# The Carpooling Thread



## twinplanx (Dec 30, 2012)

So...I live on Long Island and that makes getting to "the hill"  that much more of a challenge.  Apparently there are a few regular posters from the Island(that includes Brooklyn), the city, Northern Jersey and other places along the route.  Recently my two most reliable cohorts(my brothers) have married & now have children.  I enjoy tree skiing, so solo trips can be a bummer. I may not have the greatest form but I could get down just about anything. I just turned 40 this summer, but I still feel like a "kid"...I don't want to ever stop skiing. 

   If you'd care to "hook a brother up" post your plans here. But it's not all about me, I'd like to see this thread catch on & expand. My apologies if this post breaks some forum protocol. Last season sucked so bad I can't wait to get out there :beer:


----------



## twinplanx (Dec 31, 2012)

Hmmm...over 190 views, but no replies? I guess nobody wants to carpool with "that creepy internet guy" lol can't say I blame ya... Perhaps some sort of meet & greet is in order? It is easy enough for me to take the LIRR in to the city, if anyone has a favorite watering hole anyone out that way, post it here. Any type of live music always makes the excursion into the city worth it. And I'm always down to meet up on the hill! My sister recently moved to the Northampton Mass. area, and I've been meaning to get my nephew into skiing/boarding. I've heard good thing about Berkshire East, so this will most likely be the area I visit next...


----------



## ScottySkis (Dec 31, 2012)

Sent from my ADR6410LVW using Tapatalk 2

I be happy to carpool but I live in Orange County NY no were close to you.


----------



## twinplanx (Dec 31, 2012)

Well Scotty, I always enjoy your post and keep in mind that Route 87 does pass through Orange County. I know because I've seen that chopper place ;-) So don't bail so quick lol The most common ski route, in my experience has been 91 North, but the Thruway has options as well...


----------



## ScottySkis (Dec 31, 2012)

twinplanx said:


> Well Scotty, I always enjoy your post and keep in mind that Route 87 does pass through Orange County. I know because I've seen that chopper place ;-) So don't bail so quick lol The most common ski route, in my experience has been 91 North, but the Thruway has options as well...





Great point, I seen the Orange County Chopper guys in the local airport several years ago when I first lived here.


----------



## twinplanx (Dec 31, 2012)

Also feel free to use this thread to satisfy your own needs, I'd like to see it get legs.  Pretty cool running into those guys... I hope there drama is blown out of proportion to sell commercials...


----------



## ScottySkis (Dec 31, 2012)

twinplanx said:


> Also feel free to use this thread to satisfy your own needs, I'd like to see it get legs.  Pretty cool running into those guys... I hope there drama is blown out of proportion to sell commercials...

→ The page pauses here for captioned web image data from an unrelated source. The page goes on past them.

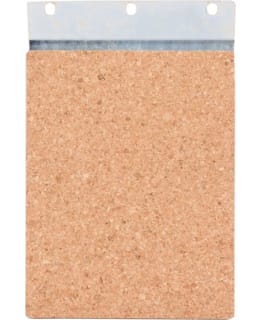 MAKITA 150980-1 PELTILEVY (SIS. KORKKILE Main Image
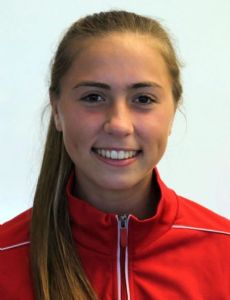 Sarah Stratigakis
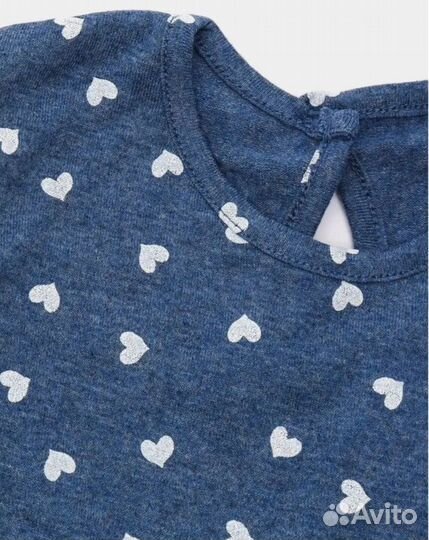 Платье для девочки 116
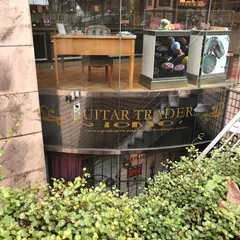 ギタートレーダーズ東京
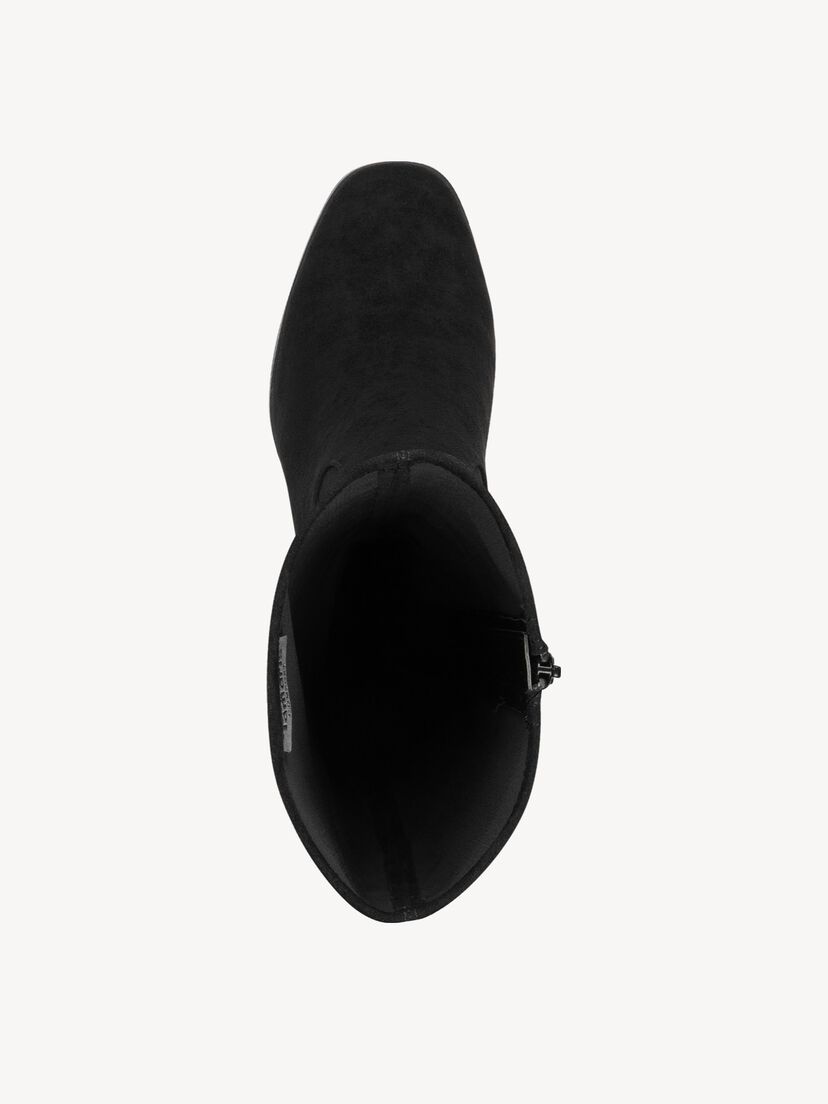 Laarzen, BLACK, hi-res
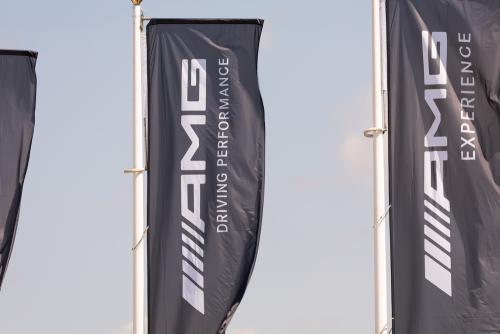 AMG Drive 2026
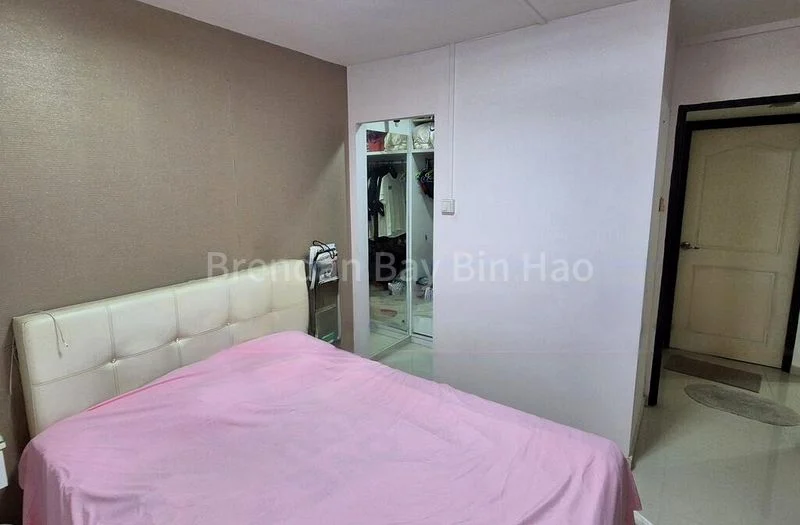 4 Room (4S) HDB for Sale in  420 Jurong West Street 42 - Image 4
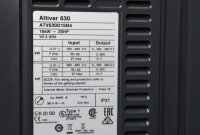 Schneider Electric ATV630D15N4 Frequenzumrichter 15 kW Unused
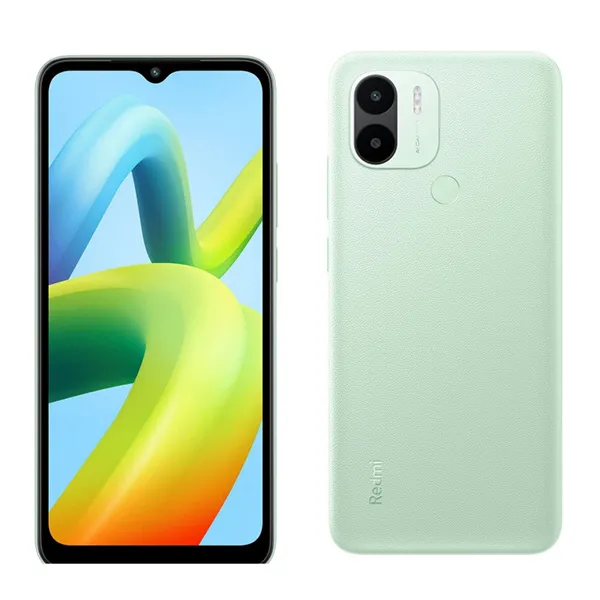 گوشی شیائومی مدل Redmi A1 Plus - ظرفیت 32 گیگابایت - رم 2 گیگابایت
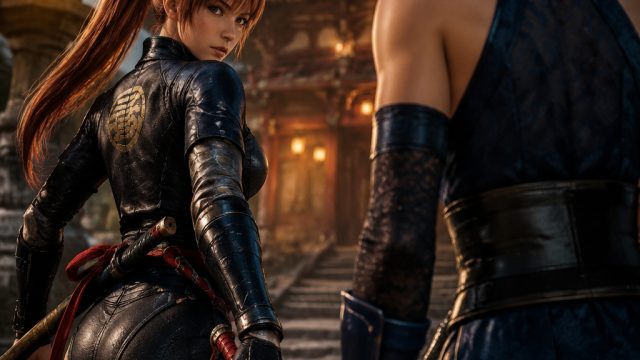 Experience the Final Showdown: Download Dead or Alive 6 Now!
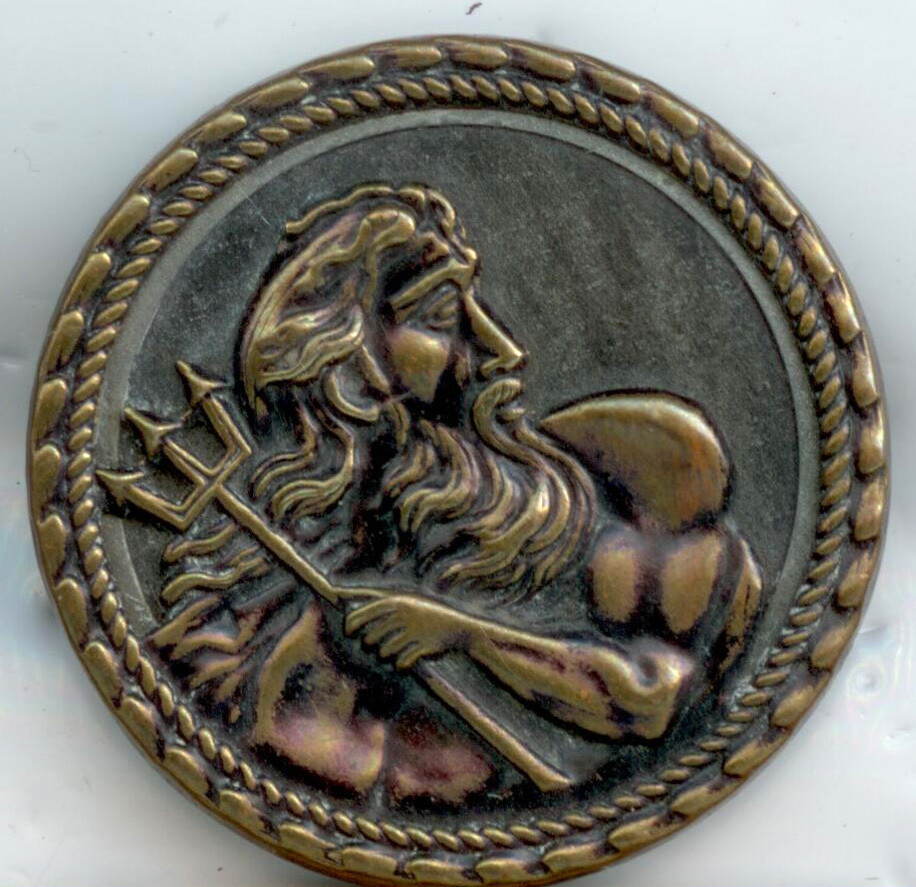 Mythology - Neptune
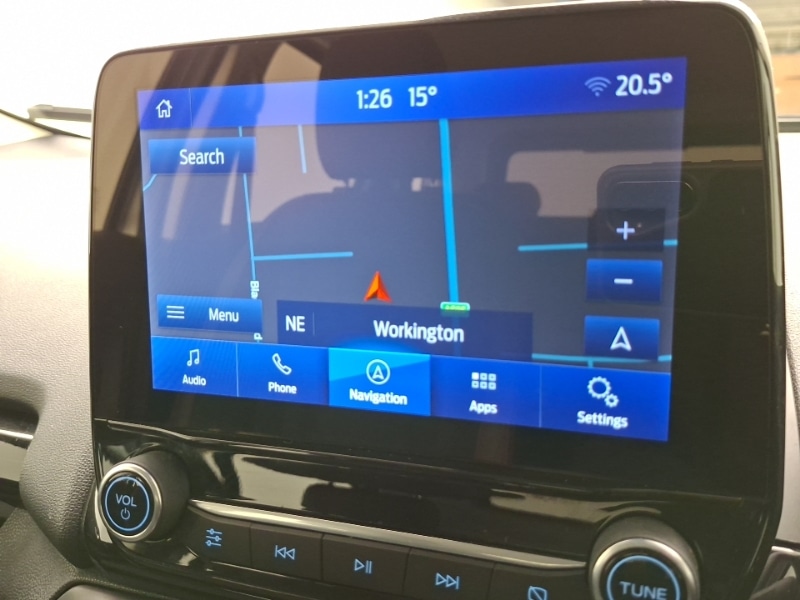 Used Ford Ecosport 2022 for sale - 78147505: Photo 18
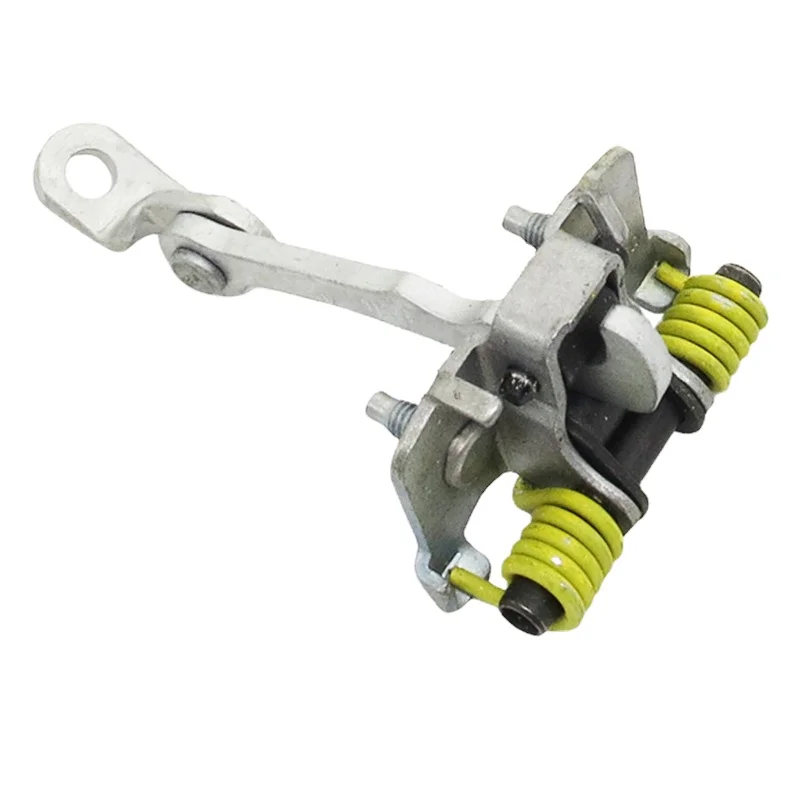 Новый оригинальный шарнир для передней и задней двери ремешок проверки 9181C8 9181C9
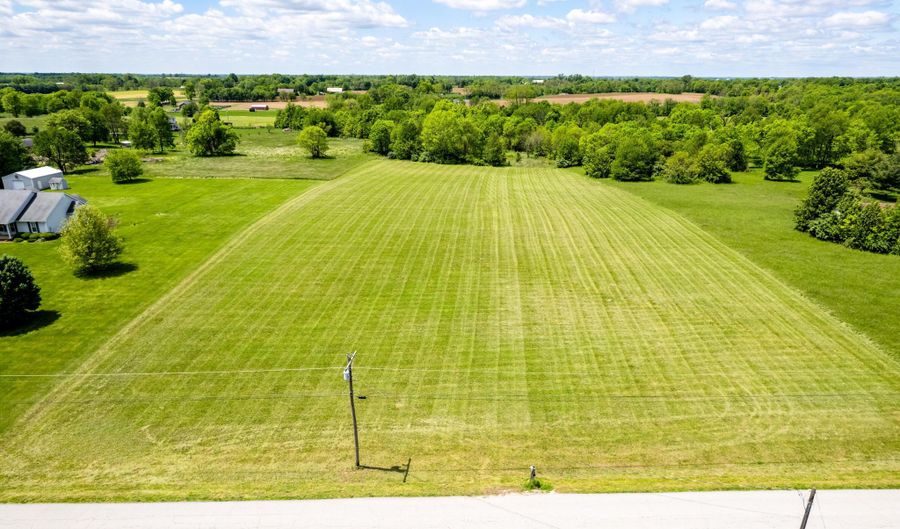 Tract 7 FRYS OLDBURG Rd, Bagdad, KY 40003 - 0 Beds, 0 Bath
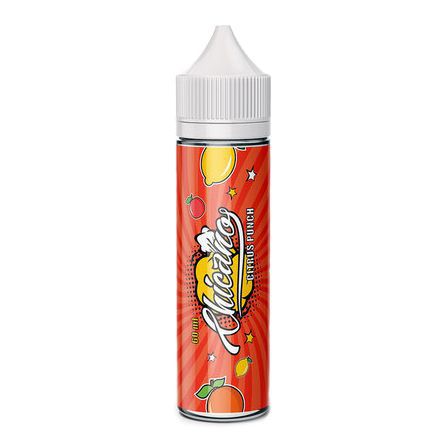 Жидкость Chicano NEW Citrus punch, 60 мл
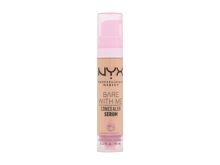 Korektor NYX Professional Makeup Bare With Me Serum Concealer 9,6 ml 03 Vanilla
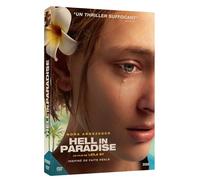 Hell In Paradise DVD DVD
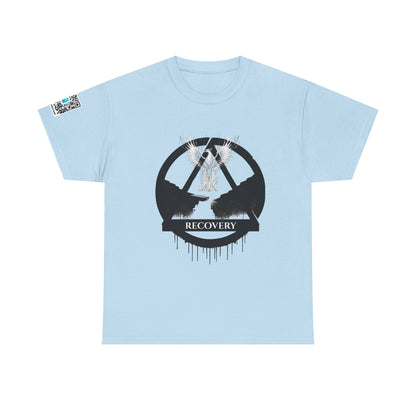 Recovery - Cotton T-Shirt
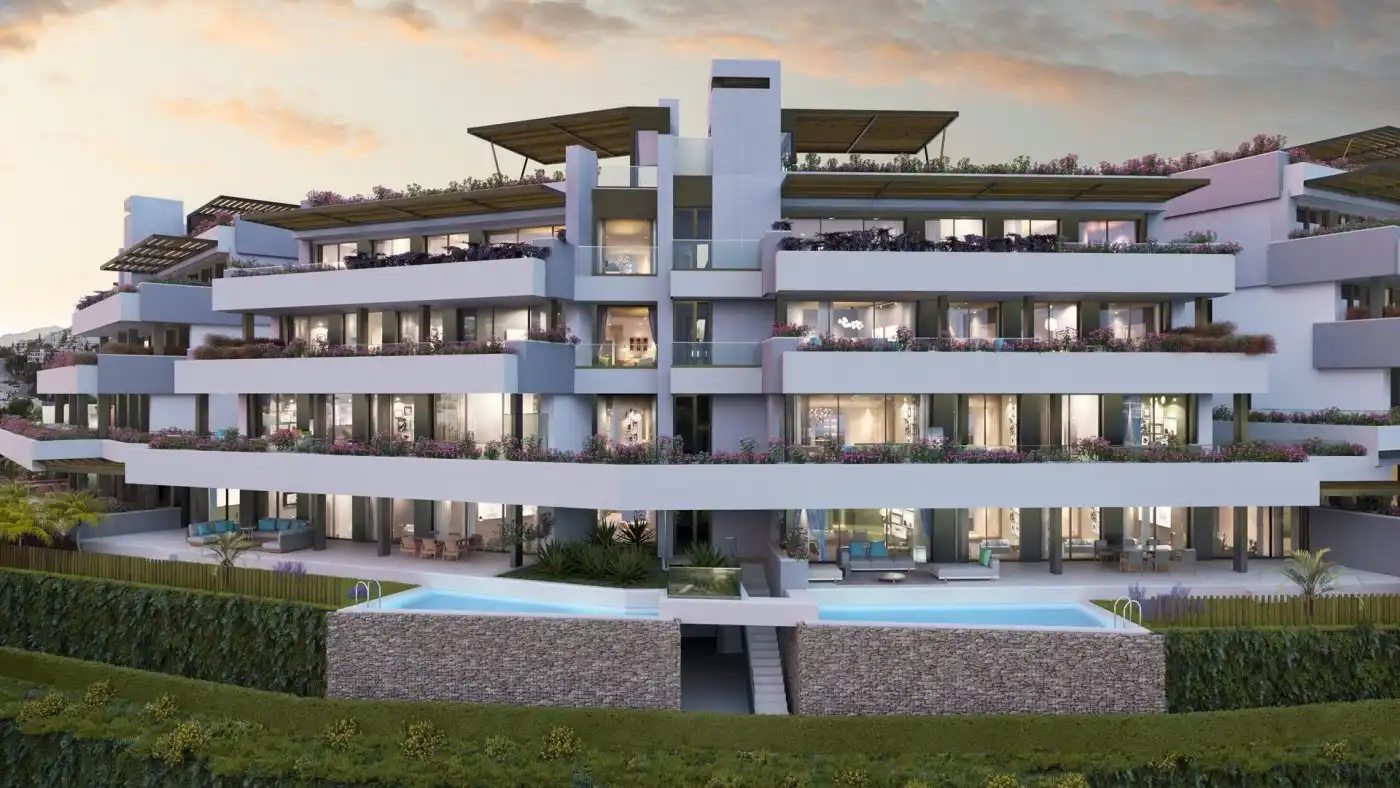Wohnung mit Pool zum Verkauf in La Quinta, imagen 29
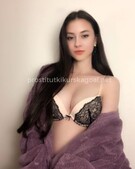 Анкета проститутки Эвелина - метро Алексеевский, возраст - 24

Sent from my ADR6410LVW using Tapatalk 2

I stopped watching the show a several years ago, there definitely big guys. I like the thread and could it be great way to get to the hills efficiently and cheaper.


----------



## abc (Dec 31, 2012)

twinplanx said:


> Hmmm...over 190 views, but no replies? I guess nobody wants to carpool with "that creepy internet guy" lol can't say I blame ya...


It's probably got more to do with the holiday period than you being the "creepy internet guy". LOL 

Most people are probably with their families or got visitor hanging out right now ...


----------



## Nick (Jan 1, 2013)

If you move to RI or MA we can carpool 

Sent from my Galaxy Nexus using Tapatalk 2


----------



## twinplanx (Jan 1, 2013)

abc said:


> It's probably got more to do with the holiday period than you being the "creepy internet guy". LOL
> 
> Most people are probably with their families or got visitor hanging out right now ...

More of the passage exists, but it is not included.